(TASK GOAL): Please repeat the data exactly. Any picture in it stays out.

DATASET section start

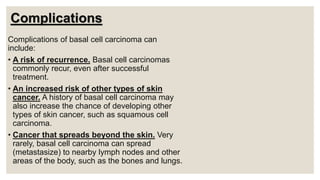 Complications
Complications of basal cell carcinoma can
include:
• A risk of recurrence. Basal cell carcinomas
commonly recur, even after successful
treatment.
• An increased risk of other types of skin
cancer. A history of basal cell carcinoma may
also increase the chance of developing other
types of skin cancer, such as squamous cell
carcinoma.
• Cancer that spreads beyond the skin. Very
rarely, basal cell carcinoma can spread
(metastasize) to nearby lymph nodes and other
areas of the body, such as the bones and lungs.
 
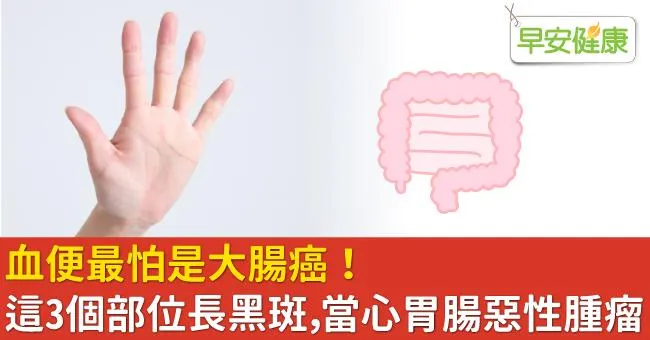 血便最怕是大腸癌！這3個部位長黑斑，當心胃腸惡性腫瘤！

DATASET section end

(RESULT FOR THIS EXERCISE):
 Complications
Complications of basal cell carcinoma can
include:
• A risk of recurrence. Basal cell carcinomas
commonly recur, even after successful
treatment.
• An increased risk of other types of skin
cancer. A history of basal cell carcinoma may
also increase the chance of developing other
types of skin cancer, such as squamous cell
carcinoma.
• Cancer that spreads beyond the skin. Very
rarely, basal cell carcinoma can spread
(metastasize) to nearby lymph nodes and other
areas of the body, such as the bones and lungs.
 
 血便最怕是大腸癌！這3個部位長黑斑，當心胃腸惡性腫瘤！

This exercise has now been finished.